When addressing macro-historical questions, such as the emergence of transnational reference cultures, cultural text mining is of crucial importance. The mining of cultural aspects of entities and events in large textual repositories, such as the collection of digitized humanities newspapers provided by the National Library of the Netherlands (KB), can provide valuable insights. The ‘Translantis: Digital Humanities Approaches to Reference Cultures’ program uses text mining technologies to analyze Big Data repositories of public media. The eScience challenge here is to develop a tool for cultural text mining that enables scholars to systematically search very large quantities of textual data in a reliable and reproducible way.
The Intelligent System Lab Amsterdam (ISLA) has developed a scalable open source text analysis service, xTAS, coupled to Elasticsearch, the scalable open source search and analytics platform, which underlies the Texcavator application that serves the specific text mining needs of the Translantis research team. xTAS will be further developed and future versions will include clustering concepts and sentiment mining of issues in public debates. Incorporating regular feedback loops will allow for iterative refinement of the analysis algorithm and extension of the current set of features.

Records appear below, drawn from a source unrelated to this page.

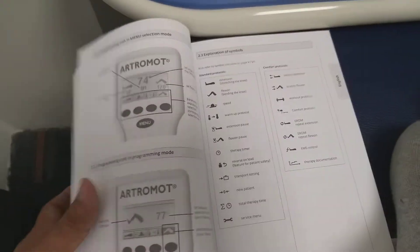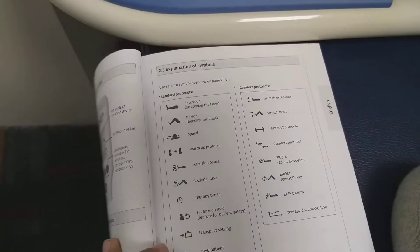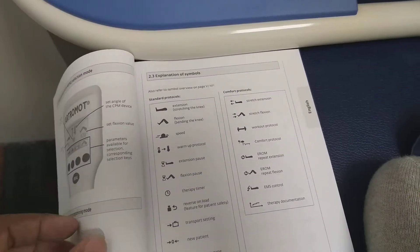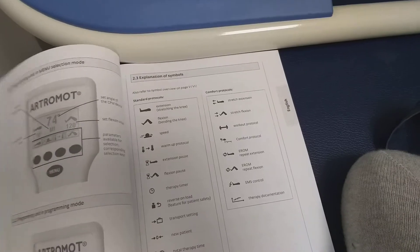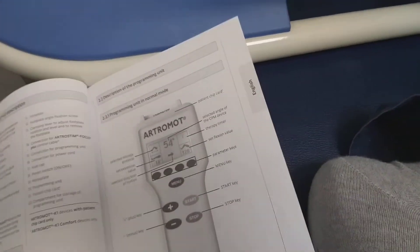You can edit all the parameters. Here you can change the extension, flexion, speed, then there is the warm-up protocol, the extension pause, flexion pause, therapy time, and the reverse load for patient safety.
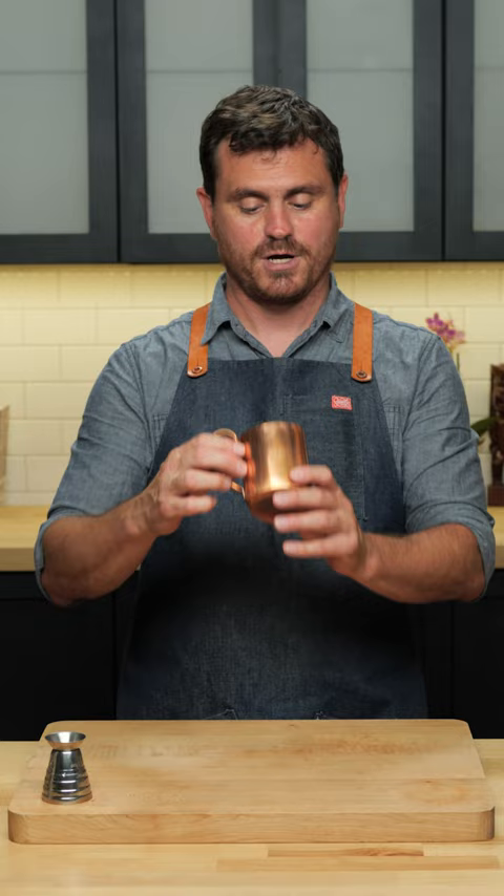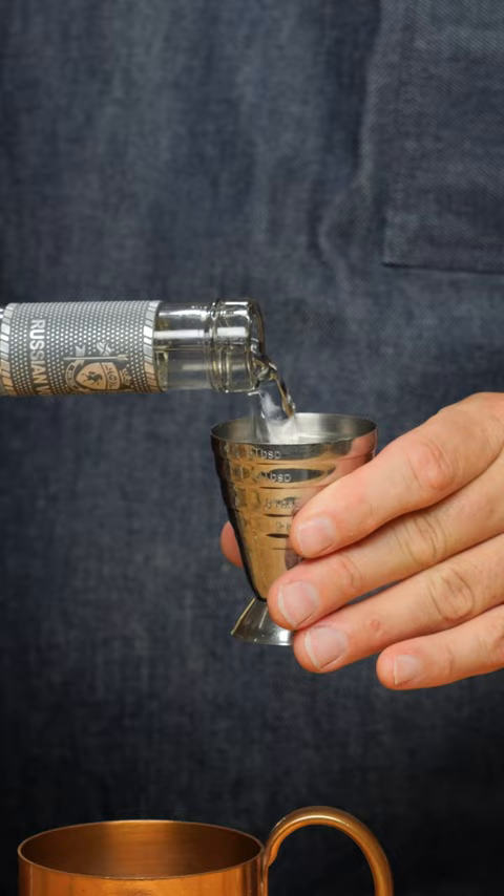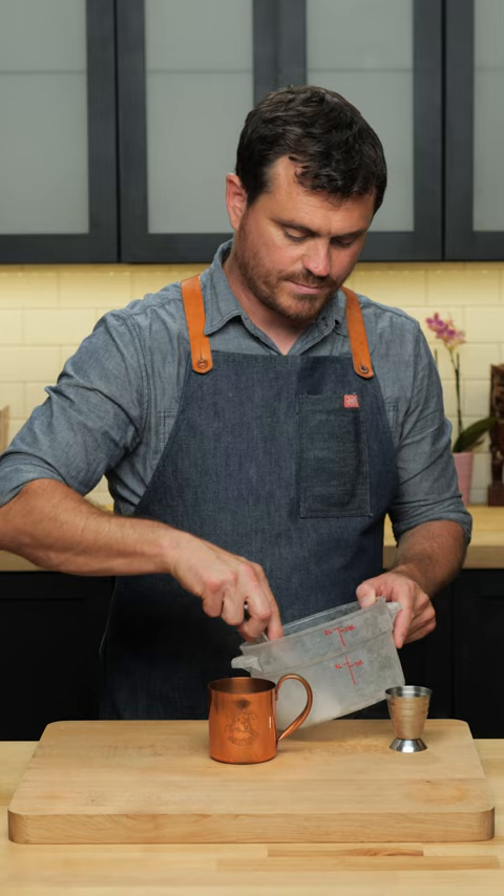First things first, you want a copper mug — this is traditional. Three quarters of an ounce of lime juice, two ounces of Russian vodka so we can rightly call it a Moscow Mule. Add just a little bit of ginger beer to get the effervescence going, and then some ice cubes.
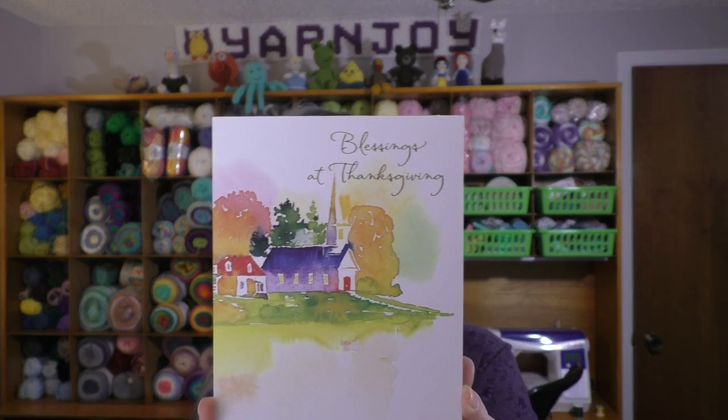I also received a package from another viewer, Tammy. She had sent yarn for the Charlie in the Box, but the package also included two cards. One was a birthday card I opened last week, and the other said 'don't open until after the 26th' — meaning after Thanksgiving. It's a Thanksgiving card: 'Blessings of Thanksgiving — celebrating all of God's most wonderful gifts, and wishing you a blessed Thanksgiving.' Thank you so much, Tammy!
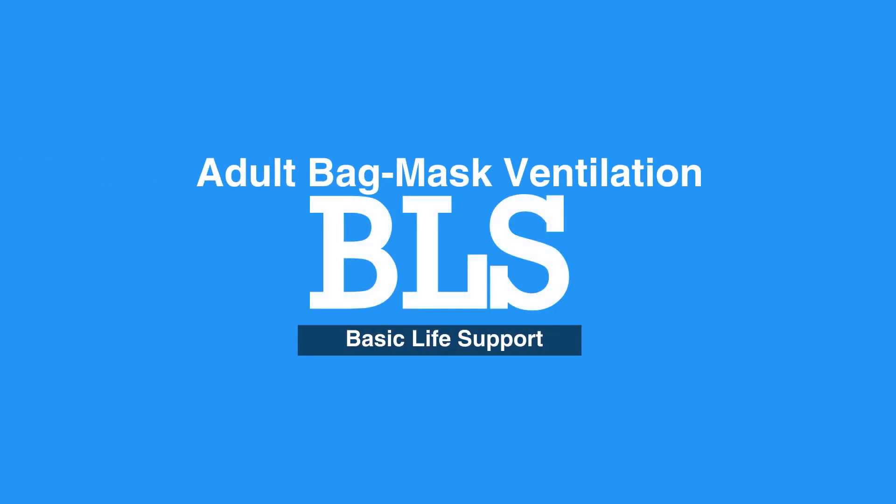Welcome to Adult Bag Mask Ventilation. In this video, we'll discuss the use of a bag mask to deliver breaths in two rescuers' CPR.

This project aims to significantly strengthen the employment of computational methods in humanities research. Users working in interdisciplinary teams with the current tool (Texcavator) will be closely monitored to study what interface functionalities and features are desired and needed. The goal is to build a generic tool that enables fine-grained analysis of large-scale document collections, and that offers state-of-the-art visualizations to enable humanities scholars working in multidisciplinary teams to semi-automatically distinguish long-term patterns in large news media repositories.
The result will be an innovative text mining tool that is user-friendly and sustainable. Also, this project will result in a number of best practices demonstrating ways in which computational humanities can be integrated into conventional historical-interpretive approaches and vice versa. The software developed is open source and will be available to humanities scholars and social scientists to deploy in their own research.